Some organizations failed financially.
Others struggled operationally.
Regulatory controversies—including the collapse of SynerMed—exposed vulnerabilities in oversight and governance.

And yet despite these imperfections, the delegated model remains one of the few large-scale American healthcare models that genuinely attempted to align physician incentives around total patient outcomes rather than unit production.

In many ways, it represents the truest form of value-based care because it requires physicians and organizations to fully internalize responsibility for outcomes, utilization, coordination, and long-term patient health.

It is not simply a payment mechanism layered on top of fee-for-service operations.

It is an entirely different operating philosophy.

That is also why many organizations fail when they attempt delegation superficially.

Some groups accept delegated risk financially while continuing to operate culturally and operationally as fee-for-service businesses. They remain dependent on visit volume, procedural throughput, and fragmented incentives while simultaneously attempting to manage total cost of care.

The result is often organizational tension, underinvestment in care management infrastructure, physician burnout, and eventual financial strain.

Successful delegated organizations understood this was not a side strategy.
It was a total mindset shift.

The model allowed physicians to hire teams they otherwise could not afford.
To invest in prevention.
To coordinate across settings.
To create entirely new clinical roles.
To focus on keeping patients healthy rather than maximizing billable encounters.

And importantly, it created physician organizations with operational muscles many health systems elsewhere never developed.

As physicians assumed financial responsibility for patient populations, California medical groups built sophisticated infrastructures around utilization management, chronic disease management, referral coordination, post-acute management, and population health analytics.

That infrastructure is one reason California has long stood apart in managed care.
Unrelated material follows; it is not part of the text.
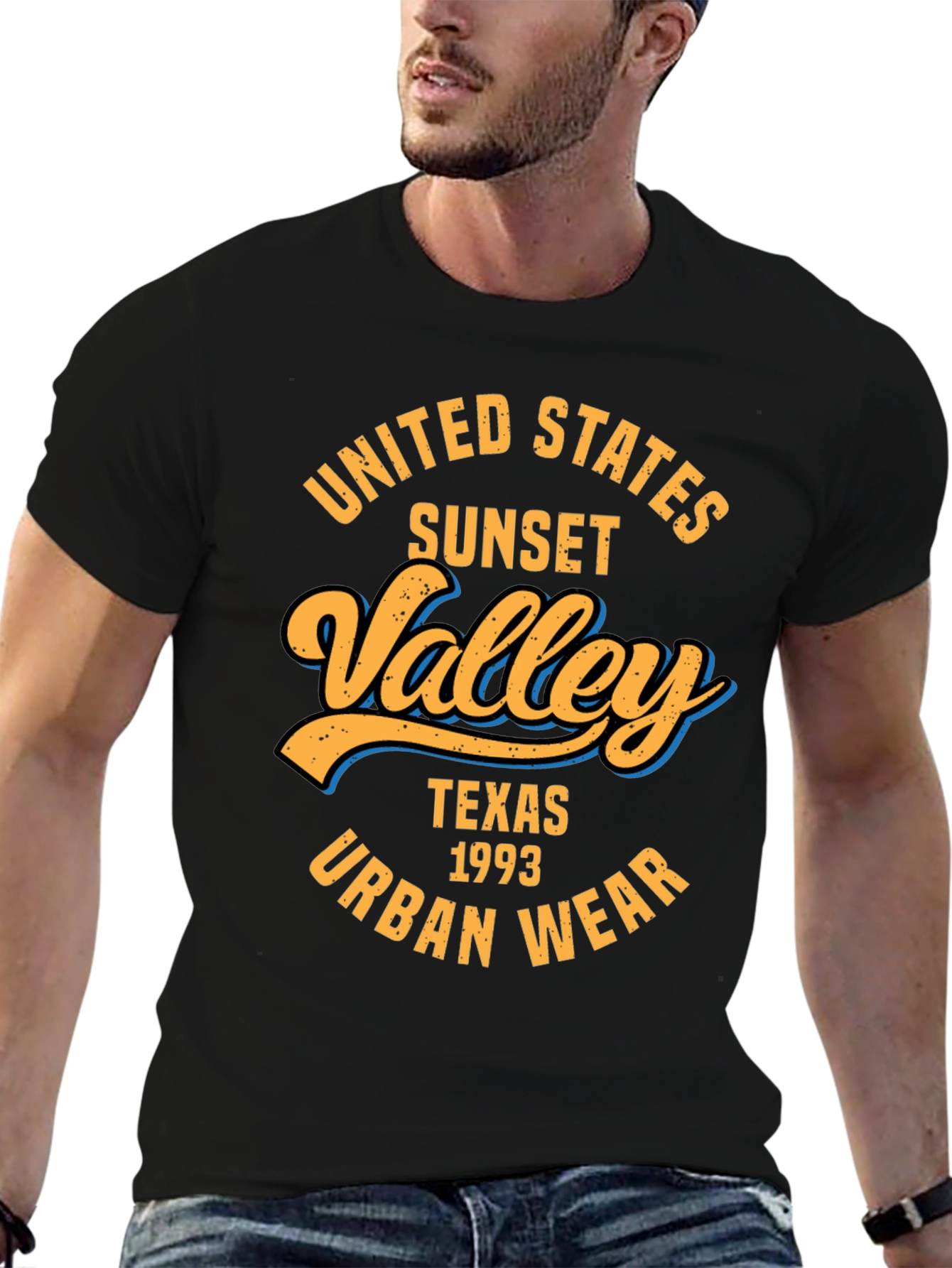 Sunset Valley Texas Urban Wear T-Shirt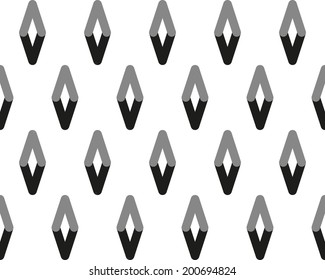 Vector pattern - geometric seamless simple black and white modern texture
Critics have long worried that capitated payment arrangements create incentives to withhold care. Those concerns should not be dismissed lightly. Any system built around financial accountability requires strong oversight, ethical leadership, and constant vigilance against under-treatment.
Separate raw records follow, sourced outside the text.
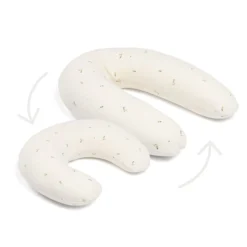 Doomoo Amnings- och Gravidkudde 2-i-1 Quilt Creme Blomma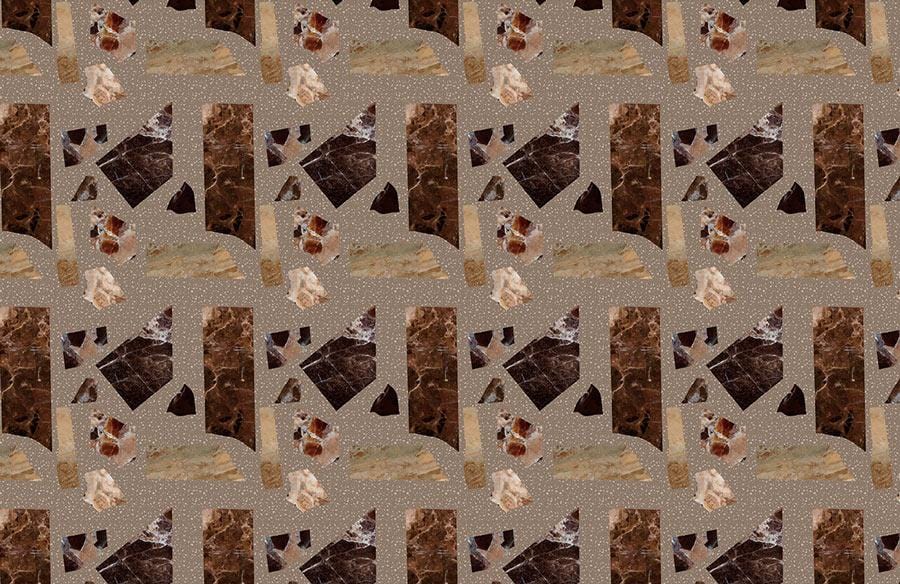 Luxurious Geometric Marble Mural Wallpaper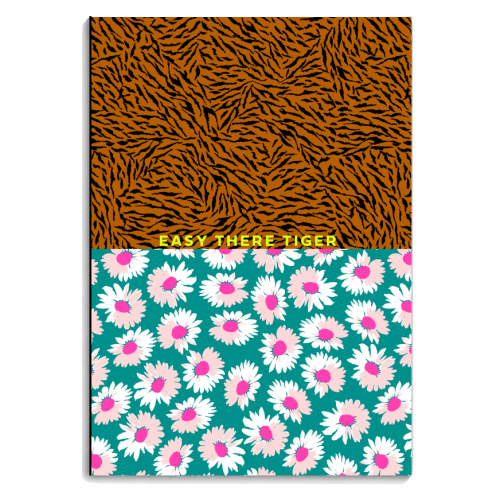 EASY THERE TIGER - personalised A4, A5, A6 notebook by PEARL & CLOVER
But the delegated model also forced physician organizations to confront a reality much of American healthcare still struggles to address:

Someone must actually be responsible for the patient across time.
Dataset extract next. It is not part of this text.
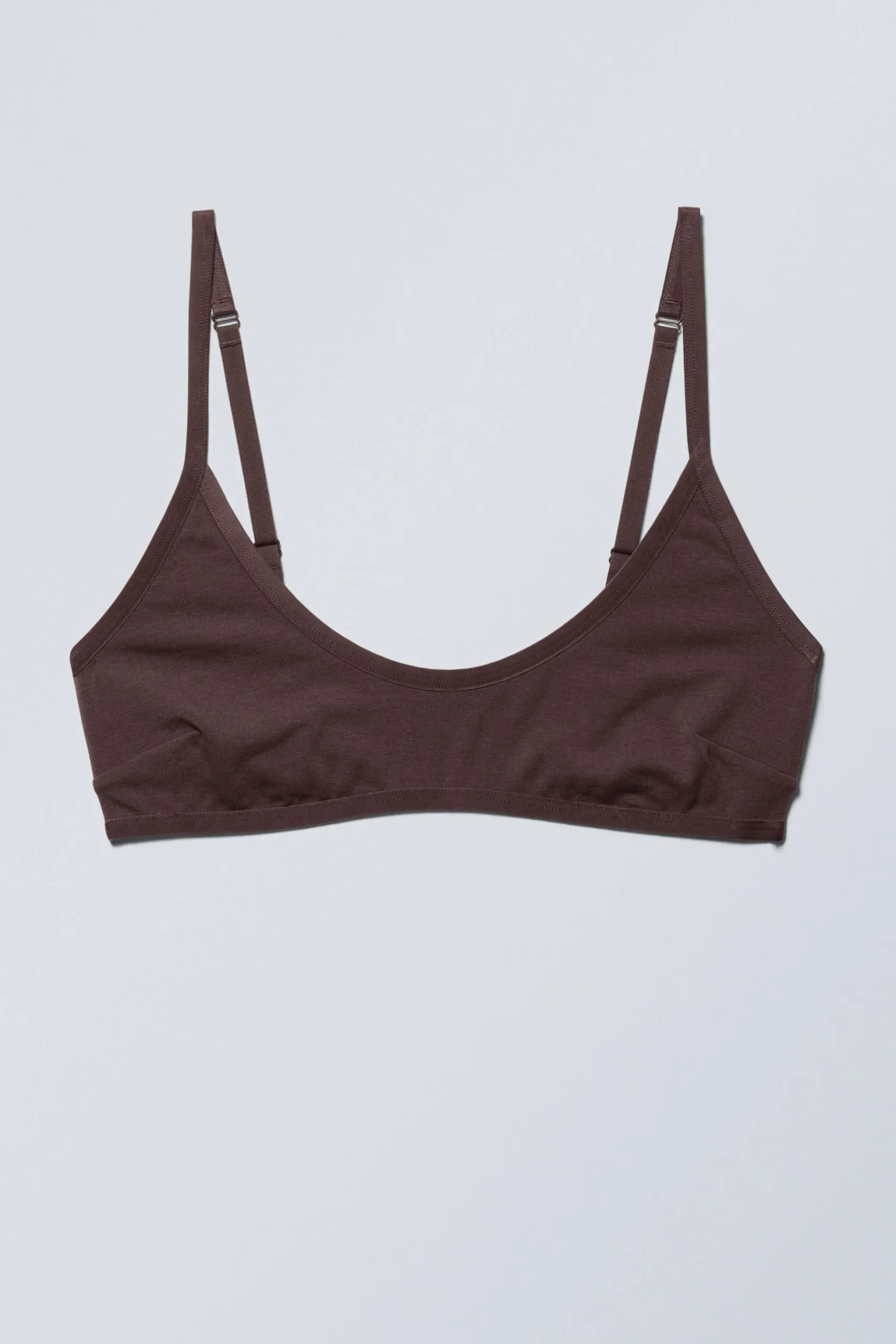 Weekday INEZ SCOOPED COTTON BRALETTE dark plum Discount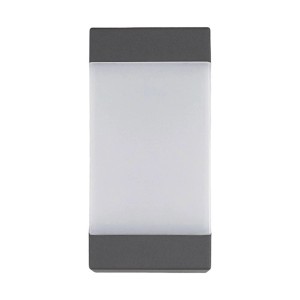 Moderne, schwarze Lucande Außenwandleuchte Kiran aus Aluminium, spritzwassergeschützt.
Not just during an office visit.
Not just during a hospitalization.
But longitudinally.

That may explain why many physicians who practiced inside delegated environments struggle when returning to fragmented fee-for-service systems.

Because once physicians experience the ability to actually redesign care—to build interdisciplinary teams, proactively manage populations, intervene upstream before complications occur, and align resources around prevention—it becomes difficult to return to systems where the economics reward reactive care more reliably than keeping patients healthy.

This is the irony at the center of modern healthcare policy discussions.

America spends enormous time debating how to create accountability for outcomes while largely ignoring one of the only regions in the country that spent decades operationalizing physician accountability at scale.

The delegated model is neither universally understood nor easily replicated. It depends on physician organizations with sufficient scale, infrastructure, capital, and management sophistication to assume responsibility responsibly. It evolved under unique California market conditions, including large multispecialty groups and intense HMO penetration.

But at a moment when physician dissatisfaction has reached extraordinary levels, it may be time to revisit one of delegation’s most important lessons.

For decades, policymakers have searched for ways to make physicians more accountable for outcomes and costs.

The delegated model offered a different insight:

Accountability works best when physicians also possess agency.

Not just responsibility for patient outcomes.

Actual control over how care gets delivered.